Studio album by Eric Woolfson
- Released: April 6, 2009
- Recorded: October 2008
- Genre: Progressive rock
- Length: 42:51
- Label: Limelight Records
- Producer: Eric Woolfson

Eric Woolfson chronology
| Poe: More Tales of Mystery and Imagination (2003) | Eric Woolfson sings The Alan Parsons Project That Never Was (2009) |  |

= The Alan Parsons Project That Never Was =

Eric Woolfson sings The Alan Parsons Project That Never Was is an album by the progressive rock musician Eric Woolfson, co-creator with Alan Parsons of The Alan Parsons Project, as well as main songwriter and manager of the band. Released in 2009, this was Woolfson's final album before he died of cancer in December of that year.
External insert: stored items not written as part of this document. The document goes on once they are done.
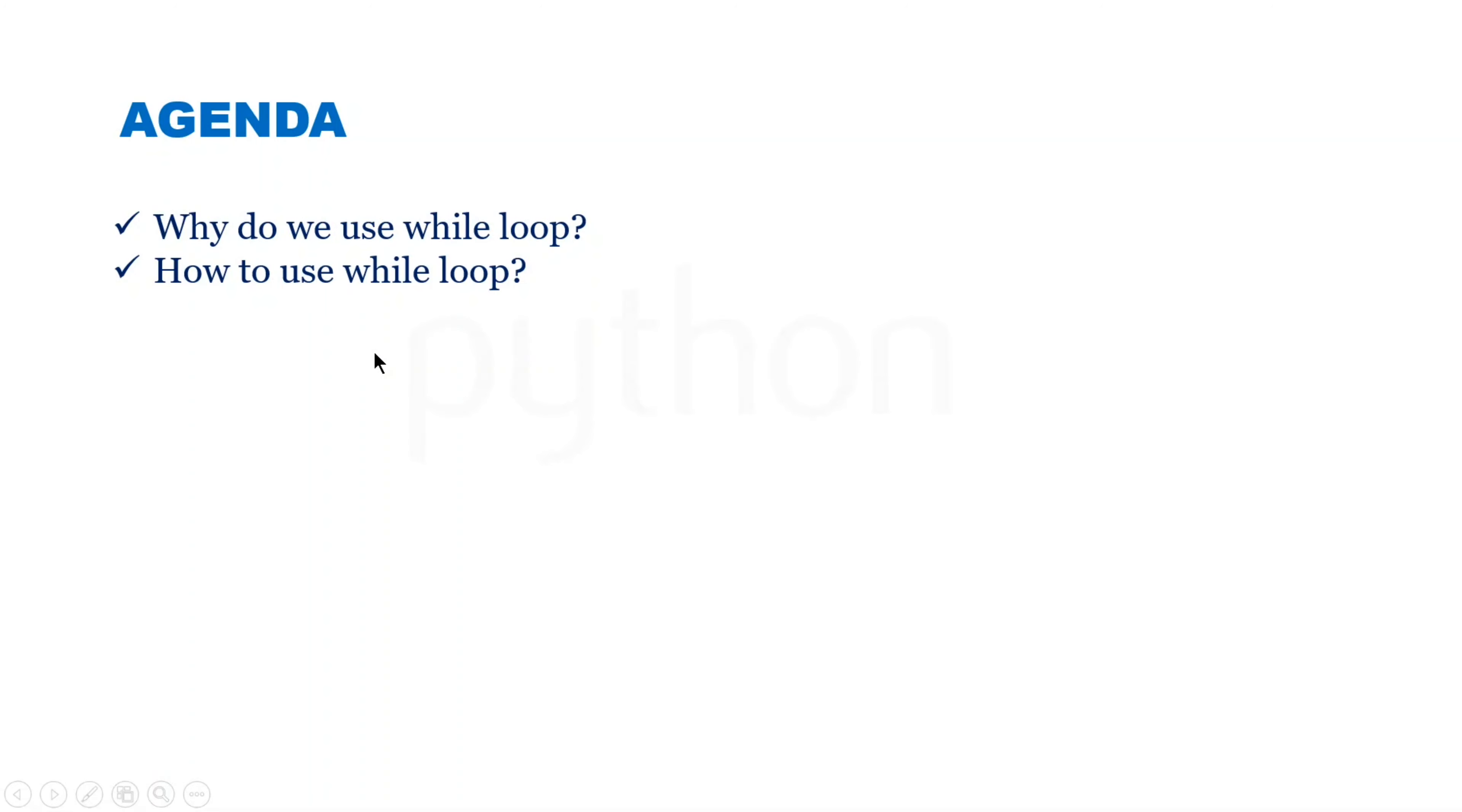Let's look into the agenda for today's session. Today we will be learning about while loops - what are while loops, why do we use while loops, and how do we use them. So let's move on.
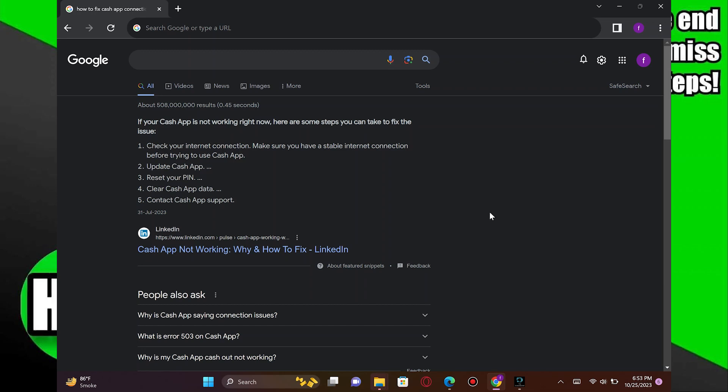Fixing Cash App too many attempts is very easy. Today, I'm gonna show you how to do it.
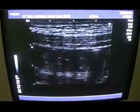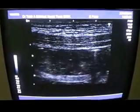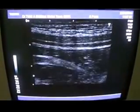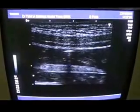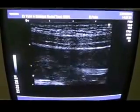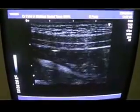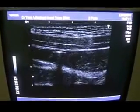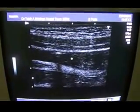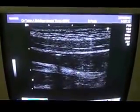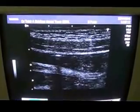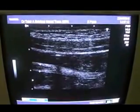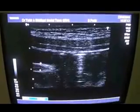Let me magnify a bit. You can see this bright echogenic area — this linear echogenic area — measuring approximately 3.5 mm in depth.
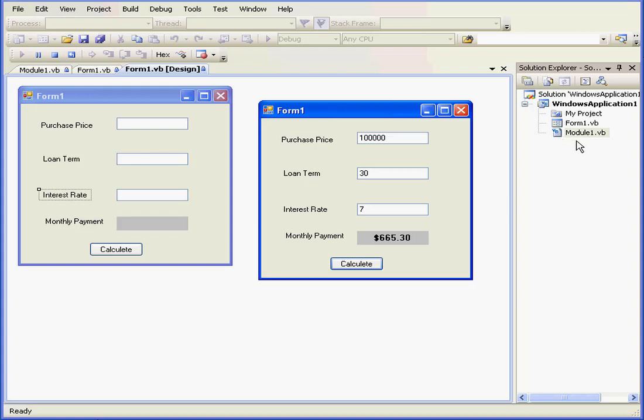After we've finished with our module, we can reuse it if we need to, saving it as a separate file, and bringing it into another program if we'd like to. And this concludes our tutorial about how to build a mortgage calculator.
The album includes songs that remained unreleased since the Project time for various reasons; however, as Woolfson himself remarks in the booklet, Parsons' dislike for some of Woolfson's compositions would have often caused them to be excluded from a Project album in its very early stages - such as, for example, "Steal Your Heart Away", an "unashamedly commercial" song with a conventionally sentimental lyric, which Parsons, in Woolfson's words, would have absolutely detested. "Somewhere in the Audience" and "Immortal" are slightly re-arranged and re-recorded versions of two of Woolfson's demos for his 2003 musical about Edgar Allan Poe; the final versions of these songs, sung by the musical's protagonist Steve Balsamo, are featured on the album Poe: More Tales of Mystery and Imagination. "Train to Wuxi" was the original version of "Train to Freedom", which is also included (with different lyrics) in the Poe musical and features Woolfson's one and only guitar solo.

Professional ratings
Review scores
| Source | Rating |
| Allmusic |  |

== Track listing ==
All songs written and composed by Eric Woolfson

1. "Golden Key" - 4:12
2. "Nothing Can Change My Mind" - 4:00
3. "Rumour Goin' Round" - 4:39
4. "Any Other Day" - 3:08
5. "I Can See Round Corners" - 5:15
6. "Steal Your Heart Away" - 3:20
7. "Along the Road Together" - 3:21
8. "Somewhere in the Audience" - 4:36
9. "Train to Wuxi" - 4:19
10. "Immortal" - 6:02

== Personnel ==
Personnel as listed on CD booklet:
- Eric Woolfson - vocals, keyboards, guitar on "Train to Wuxi"
- Richard Cottle - keyboards on "Rumour Goin' Round"
- Austin Ince - Sound engineer, programming, additional keyboards
- Ian Bairnson - guitars on "Rumour Goin' Round" and "Any Other Day"
- David Paton - bass on "Rumour Goin' Round"
- Stuart Elliott - drums on "Rumour Goin' Round"
- Gavin Greenaway - orchestral arrangements on "Golden Key"
- Czech Philharmonic Orchestra
- Haydn Bendall - Sound engineer

Notes

Bairnson, Elliott, Paton and Cottle are all former members of The Alan Parsons Project. Their parts on "Rumour Goin' Round" were recorded in 1985 during sessions for the band's album Stereotomy, as the track is an outtake from that album (the track "Any Other Day" was originally demoed in 1982 during the sessions of Eye in the Sky with the same musicians minus Cottle, but was abandoned before it could be recorded as a complete backing track; the version on this album is a completely new recording); Bairnson's guitars on "Any Other Day" were played and recorded in 2009 at his home studio in Marbella, Spain, as a personal favour to Woolfson.